Maurice Fields (born Maurice Sheil, 4 August 1926 – 18 December 1995) was an Australian vaudeville performer, actor and stand-up comedian.

Career
Fields became a well-known face on television first thanks to his comic sketches on live programs like Sunnyside Up and later dramatic roles as the conniving John Quinney in ABC TV's Bellbird. He also featured in many soap operas on commercial television, including Cop Shop, The Box, Prisoner (a small part playing crooked screw Leonard "Len" Murphy, and he had previously played two smaller parts in the show) and publican Vic Buckley in The Flying Doctors. He was also a regular as Fred Farrell in situation comedy series Bobby Dazzler (1977) and did regular comedy segments on Hey Hey It's Saturday.

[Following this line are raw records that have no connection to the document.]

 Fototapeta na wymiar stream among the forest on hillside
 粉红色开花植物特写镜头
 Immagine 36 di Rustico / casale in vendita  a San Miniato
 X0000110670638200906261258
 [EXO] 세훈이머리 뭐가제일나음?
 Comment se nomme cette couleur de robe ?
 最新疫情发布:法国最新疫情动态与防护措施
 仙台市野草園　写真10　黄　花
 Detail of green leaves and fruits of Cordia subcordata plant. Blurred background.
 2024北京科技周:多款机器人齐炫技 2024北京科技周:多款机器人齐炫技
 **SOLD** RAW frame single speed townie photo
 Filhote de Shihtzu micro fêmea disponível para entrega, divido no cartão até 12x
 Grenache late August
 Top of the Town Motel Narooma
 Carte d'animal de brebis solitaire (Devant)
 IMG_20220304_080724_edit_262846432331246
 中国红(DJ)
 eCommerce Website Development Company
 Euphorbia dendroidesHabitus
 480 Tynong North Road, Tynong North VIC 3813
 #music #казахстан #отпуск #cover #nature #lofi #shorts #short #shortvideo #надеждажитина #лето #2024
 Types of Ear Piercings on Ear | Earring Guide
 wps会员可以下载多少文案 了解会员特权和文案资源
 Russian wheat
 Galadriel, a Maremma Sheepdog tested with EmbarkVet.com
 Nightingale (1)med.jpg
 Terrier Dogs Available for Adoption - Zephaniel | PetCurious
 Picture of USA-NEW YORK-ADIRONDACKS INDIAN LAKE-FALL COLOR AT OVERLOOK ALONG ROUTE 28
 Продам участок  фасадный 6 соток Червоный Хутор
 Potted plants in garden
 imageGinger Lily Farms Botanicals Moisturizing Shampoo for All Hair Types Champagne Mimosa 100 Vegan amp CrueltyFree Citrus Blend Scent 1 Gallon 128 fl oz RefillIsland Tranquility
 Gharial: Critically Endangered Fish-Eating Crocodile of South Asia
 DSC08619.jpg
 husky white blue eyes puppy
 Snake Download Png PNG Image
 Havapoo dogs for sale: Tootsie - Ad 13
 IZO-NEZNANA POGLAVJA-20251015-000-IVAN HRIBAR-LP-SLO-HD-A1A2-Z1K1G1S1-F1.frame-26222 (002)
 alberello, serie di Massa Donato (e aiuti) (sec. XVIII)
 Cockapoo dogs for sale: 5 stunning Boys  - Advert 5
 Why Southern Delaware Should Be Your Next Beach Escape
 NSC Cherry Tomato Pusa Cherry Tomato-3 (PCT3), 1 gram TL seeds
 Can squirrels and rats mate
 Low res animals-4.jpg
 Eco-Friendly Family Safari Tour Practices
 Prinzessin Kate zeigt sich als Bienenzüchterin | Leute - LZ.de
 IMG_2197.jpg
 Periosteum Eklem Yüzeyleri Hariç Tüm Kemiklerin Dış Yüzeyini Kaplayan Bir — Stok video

He was also the editor of the jokes pages of the Australasian Post magazine for many years, a role continued by his son Marty after Maurie's passing. He appeared in retro-capture with his son Marty, in the Hey Hey reunions.

Selected filmography

Hunter (1967)
Country Town (1971) (TV film)
Cactus (1986) (film)
Evil Angels (film) 1988
Bellbird – John Quinney

Television 

Cop Shop
The Box
Prisoner
Hey Hey Its Saturday – as himself
The Flying Doctors – Vic Buckley
Neighbours – Sid

Personal life and Logie Honor
Fields was the son of an accountant and married twice. His first wife was Dorothy, and they had three children: Lorraine, Eileen and Alan. He then married the comedian and actress Val Jellay, who also portrayed his screen wife in The Flying Doctors. They played publicans Vic and Nancy Buckley. He was the father of comedian Marty Fields.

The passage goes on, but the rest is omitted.